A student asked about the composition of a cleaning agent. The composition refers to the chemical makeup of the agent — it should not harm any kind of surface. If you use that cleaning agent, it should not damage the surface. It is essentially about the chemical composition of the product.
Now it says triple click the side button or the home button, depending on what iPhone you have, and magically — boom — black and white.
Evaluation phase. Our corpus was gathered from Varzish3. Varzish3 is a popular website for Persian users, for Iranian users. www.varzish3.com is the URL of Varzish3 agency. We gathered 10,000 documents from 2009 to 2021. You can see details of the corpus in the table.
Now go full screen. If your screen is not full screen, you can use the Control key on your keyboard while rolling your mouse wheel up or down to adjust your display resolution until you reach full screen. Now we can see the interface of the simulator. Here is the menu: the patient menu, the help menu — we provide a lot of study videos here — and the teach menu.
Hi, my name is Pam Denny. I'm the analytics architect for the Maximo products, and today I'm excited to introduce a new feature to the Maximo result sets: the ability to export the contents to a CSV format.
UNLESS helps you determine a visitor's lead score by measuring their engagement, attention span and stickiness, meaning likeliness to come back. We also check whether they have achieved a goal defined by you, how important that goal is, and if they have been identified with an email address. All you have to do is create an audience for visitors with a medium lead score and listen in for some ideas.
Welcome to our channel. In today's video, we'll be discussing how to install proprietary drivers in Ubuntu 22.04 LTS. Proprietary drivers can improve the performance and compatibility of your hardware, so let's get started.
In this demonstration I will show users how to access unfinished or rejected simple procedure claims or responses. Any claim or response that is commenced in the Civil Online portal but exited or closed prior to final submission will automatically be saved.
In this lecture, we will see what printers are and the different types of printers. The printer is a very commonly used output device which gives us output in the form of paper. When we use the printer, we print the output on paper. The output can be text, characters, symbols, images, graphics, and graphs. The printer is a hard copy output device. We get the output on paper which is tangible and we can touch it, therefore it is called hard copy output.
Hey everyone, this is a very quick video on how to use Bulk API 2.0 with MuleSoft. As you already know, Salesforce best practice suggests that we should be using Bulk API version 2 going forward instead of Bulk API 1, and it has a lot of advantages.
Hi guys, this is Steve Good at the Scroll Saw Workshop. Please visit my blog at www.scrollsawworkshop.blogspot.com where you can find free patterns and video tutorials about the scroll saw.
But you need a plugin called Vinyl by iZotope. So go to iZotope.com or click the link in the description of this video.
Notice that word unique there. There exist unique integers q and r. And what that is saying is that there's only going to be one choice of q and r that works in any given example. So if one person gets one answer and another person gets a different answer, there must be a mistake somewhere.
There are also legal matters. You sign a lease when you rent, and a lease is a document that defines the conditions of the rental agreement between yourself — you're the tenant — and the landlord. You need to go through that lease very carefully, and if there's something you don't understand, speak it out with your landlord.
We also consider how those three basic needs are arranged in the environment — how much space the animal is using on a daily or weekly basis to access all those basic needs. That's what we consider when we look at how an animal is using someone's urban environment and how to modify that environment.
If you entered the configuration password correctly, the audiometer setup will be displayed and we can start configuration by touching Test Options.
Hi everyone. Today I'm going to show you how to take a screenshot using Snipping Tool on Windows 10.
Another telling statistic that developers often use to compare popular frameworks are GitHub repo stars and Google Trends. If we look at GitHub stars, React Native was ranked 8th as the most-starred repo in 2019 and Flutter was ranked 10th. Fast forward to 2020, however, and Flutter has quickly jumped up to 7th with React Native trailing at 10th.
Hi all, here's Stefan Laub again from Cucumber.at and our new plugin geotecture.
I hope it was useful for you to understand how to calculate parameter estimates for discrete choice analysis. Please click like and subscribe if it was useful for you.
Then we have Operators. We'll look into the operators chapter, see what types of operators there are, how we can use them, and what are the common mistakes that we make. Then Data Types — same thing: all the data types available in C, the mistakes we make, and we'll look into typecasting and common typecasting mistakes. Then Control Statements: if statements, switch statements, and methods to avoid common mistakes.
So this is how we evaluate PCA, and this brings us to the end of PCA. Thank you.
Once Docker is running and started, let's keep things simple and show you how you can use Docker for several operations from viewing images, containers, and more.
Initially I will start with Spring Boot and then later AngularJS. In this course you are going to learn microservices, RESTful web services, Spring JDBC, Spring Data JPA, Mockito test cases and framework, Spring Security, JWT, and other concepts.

= = = =

What do the lines above say from the one containing "Now go full" down to the one containing "Hi, my name"? Return them exactly, both end lines included, and only them.

Now go full screen. If your screen is not full screen, you can use the Control key on your keyboard while rolling your mouse wheel up or down to adjust your display resolution until you reach full screen. Now we can see the interface of the simulator. Here is the menu: the patient menu, the help menu — we provide a lot of study videos here — and the teach menu.
Hi, my name is Pam Denny. I'm the analytics architect for the Maximo products, and today I'm excited to introduce a new feature to the Maximo result sets: the ability to export the contents to a CSV format.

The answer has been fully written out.